Imagine

The complex web of quotas, set-asides, and preferences that we have today were originally strategies for solving a real, pressing problem at a specific point in time. In the 1960s the United States was beginning the long-overdue process of bringing Americans of sub-Saharan African descent, most of whose ancestors were brought here forcibly as slaves, into the mainstream of American society after a century of having been excluded legally. Sadly, we balked. Rather than addressing the problem at hand we corporately decided to avoid it yet again, this time by importing a large, more docile labor force, mostly from Mexico.

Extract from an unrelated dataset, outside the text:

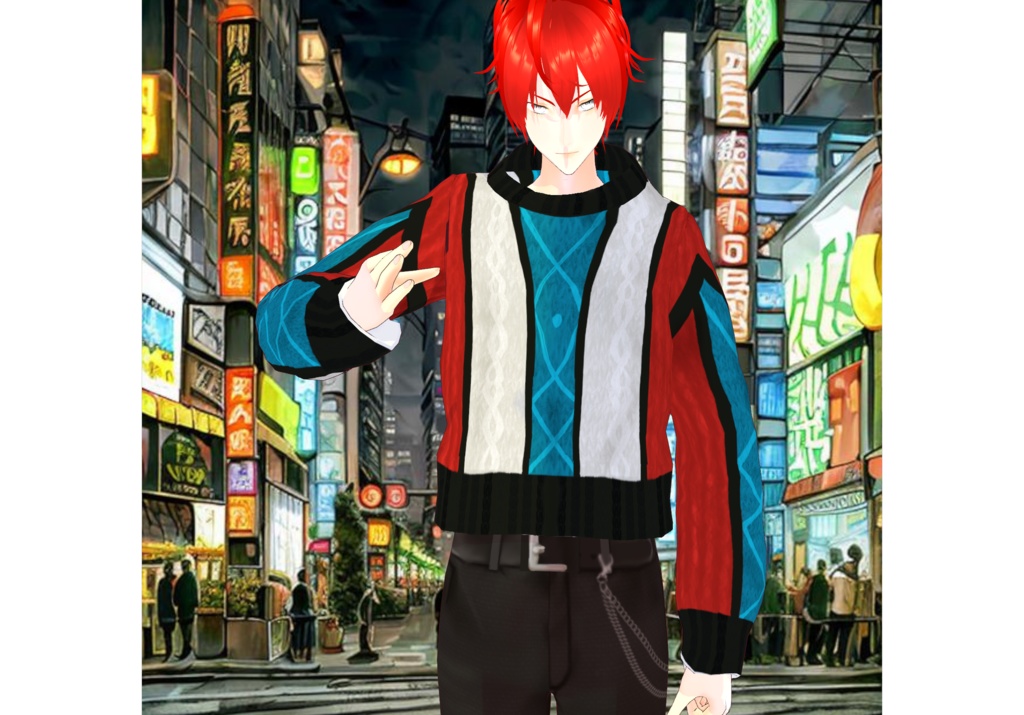 MultiColor Stripes Sweaters Set Vintage Sweaters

This new population had not suffered the problems of the descendants of slaves but opportunists among them decided to pretend that they had.

Unsurprisingly, an entire industry has grown up around these strategies and equally unsurprisingly people who are completely undeserving of the benefits of the strategies want them.

Fast forward to today and add a dash of folk postmodernism, a culture of being rewarded simply for showing up, and a sense of entitlement and biography, effort, or ability no longer matter. You don’t need to be the descendant of slaves, have a Native American heritage, come from a Jewish family, be the smartest kid in the class, be a gifted cellist, being the winner of the race, or carry the burdens that any of those realities bring with them to imagine that you are and you do, simultaneously vitiating the effectiveness of policy, trivializing the experiences of those who genuinely have those experiences, and taking something you don’t deserve.

It’s a Brave New World. Just imagine.